Ivi melirik dengan curiga. “Bukannya payung kamu sobek gara2 nyangkut di gerobak batagor?” tebaknya.

Ran nyengir. “Udahlah daripada nunggu di tempat sepi begini sampe hujan reda, nggak pa-pa lah malu dikit pake payung sobek,” ujarnya sembari memasukan tangan ke ransel untuk mengambil payung.

“Ogah ah. Norak. Lagian udah gede masa pake payung,” tandas Ivi.

Ran berdecak. “Gengsian banget sih. Padahal kalo sakit ngeluhnya kayak orang paling sengsara seduniㅡeh? Lho?” Ran mengernyit menatap payung yang tampak asing di tangannya. Bukan payung miliknya. Dan dia nggak merasa pernah melihat payung itu di rumahnya.

“Baru tuh? Kapan belinya?” tanya Ivi. Mereka selalu lengket ke mana-mana bareng. Dalam hal belanja pun pasti saling antar, dan Ivi yakin betul dia nggak pernah antar Ran beli payung itu.

Ran sedikit bengong saat mengalihkan pandangan ke sahabatnya. “Kayaknya ketuker punya orang deh,” bisik Ran.

Ivi menatap payung di tangan Ran dengan alis terangkat. “Ketuker di mana?”

Ran mengedikkan bahu.

“Bukan punya siapa gitu di rumah kamu? Mungkin ada yang baru beli,” tukas Ivi.

“Nggak deh kayaknya.” Tak urung Ran mengeluarkan ponsel dari sakunya, dan mengapit payung lipat itu di ketiak. “Tapi coba aku tanya dulu deh. Daripada pake payung nggak jelas punya siapa kan? Gimana kalo ada cerita horor di balik keberadaan payung ini?”

Ivi mencolek pinggang Ran dengan muka ditekuk. “Jangan sembarangan ngomong dong. Udah nggak ada siapa-siapa di sini. Kalo didenger hantu gimana?”

Ran terkekeh. “Lah situ nyebut hantu frontal begitu. Bisa beneran datang nanti.”

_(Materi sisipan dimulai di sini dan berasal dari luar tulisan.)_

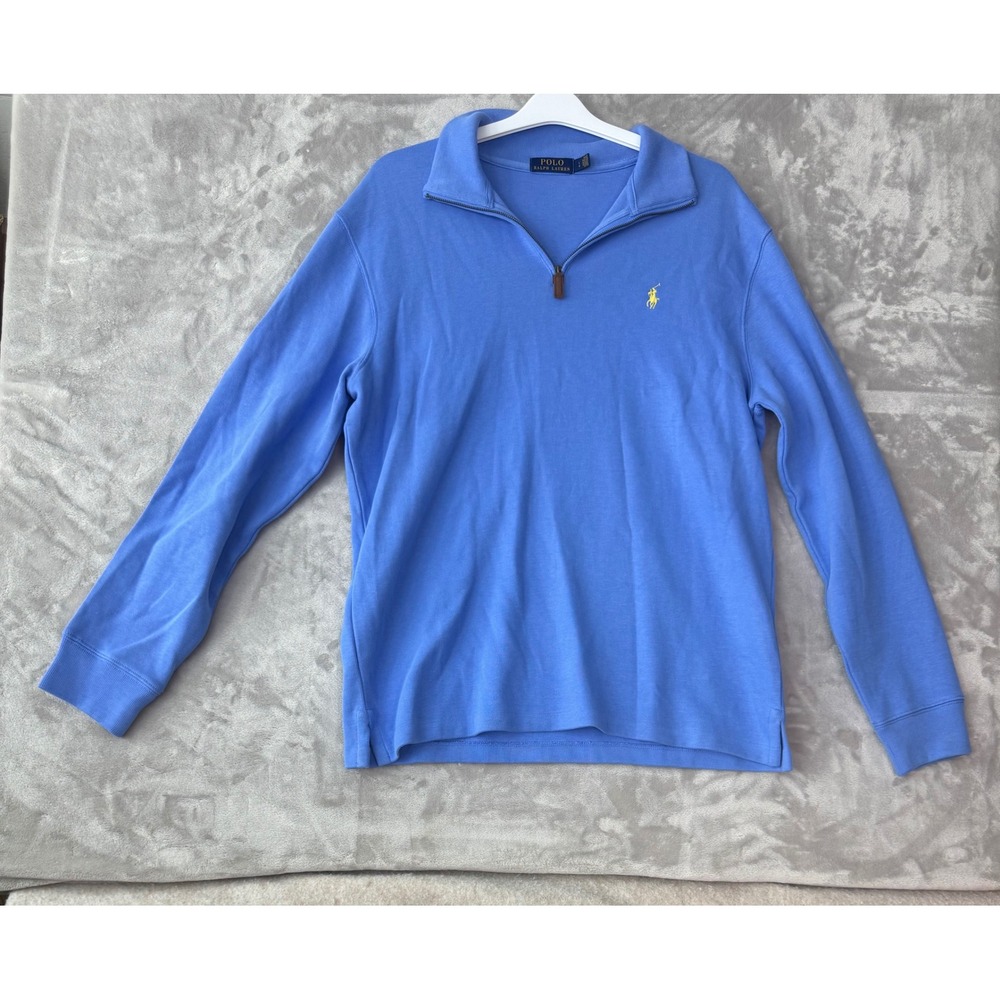 Polo Ralph Lauren Mens Large Blue 1/4 Zip Cotton Pullover Sweater Yellow Pony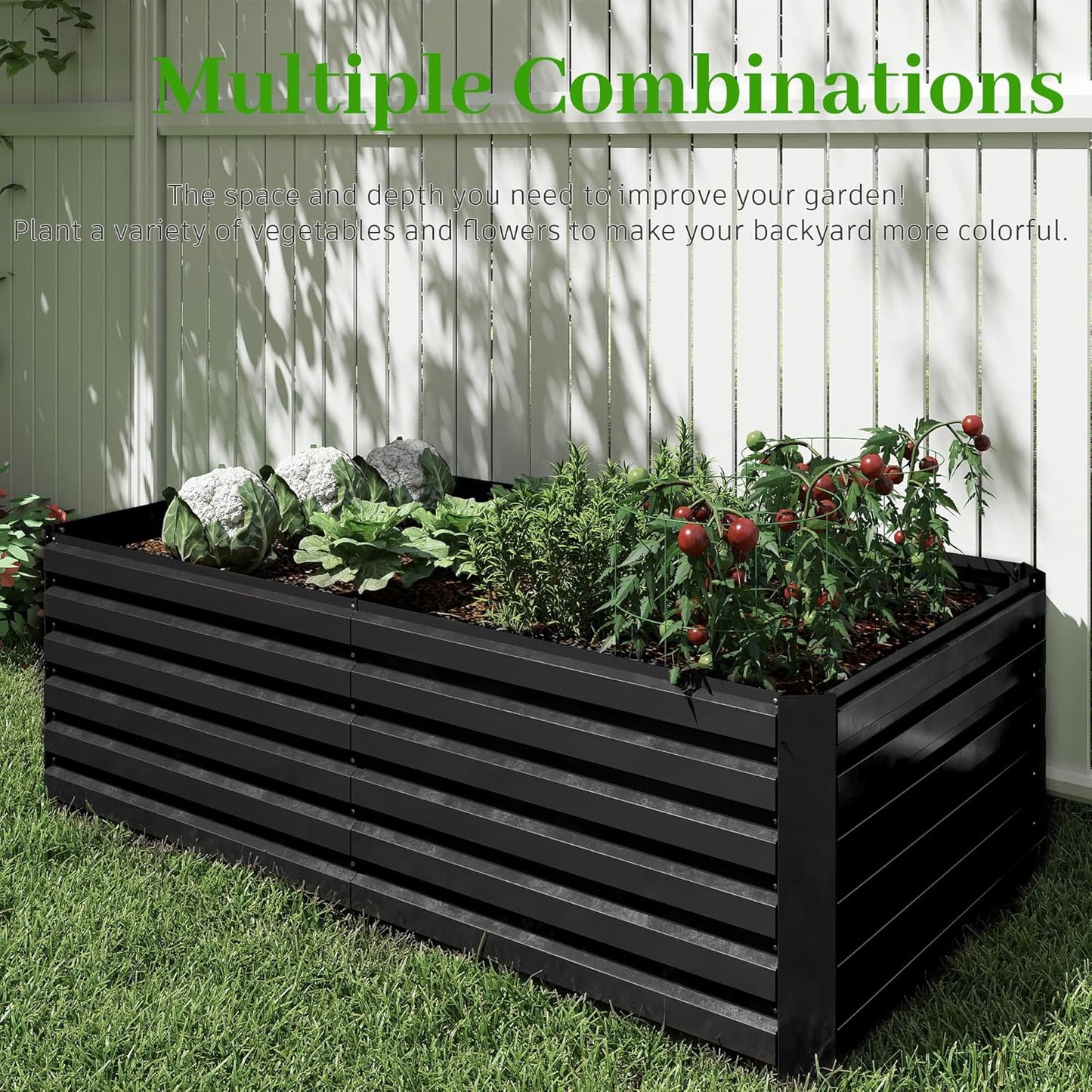 8x4x2 ft Outdoor Raised Garden Bed, Large Metal Planter Raised Beds, Planters for Outdoor Plants for Vegetables, Flowers, Herbs, Fruits, and Succulents.(4 Pcs)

Ivi manyun seraya mendekatkan diri pada Ran untuk mengintip obrolan Whatsapp Ran di group chat room keluarganya―juga buat nyembunyiin rasa takutnya yang tiba-tiba makin menjadi.

Ran : ada yg baru beli payung nih?

Abang : apaan? Nyindir atau pamer?

Ran : maksudnya? kok malah dibilang pamer sih? Ini lho

Ran melepas ikatan payung dan membukanya. “Pegangin, Vi. Aku mau foto.”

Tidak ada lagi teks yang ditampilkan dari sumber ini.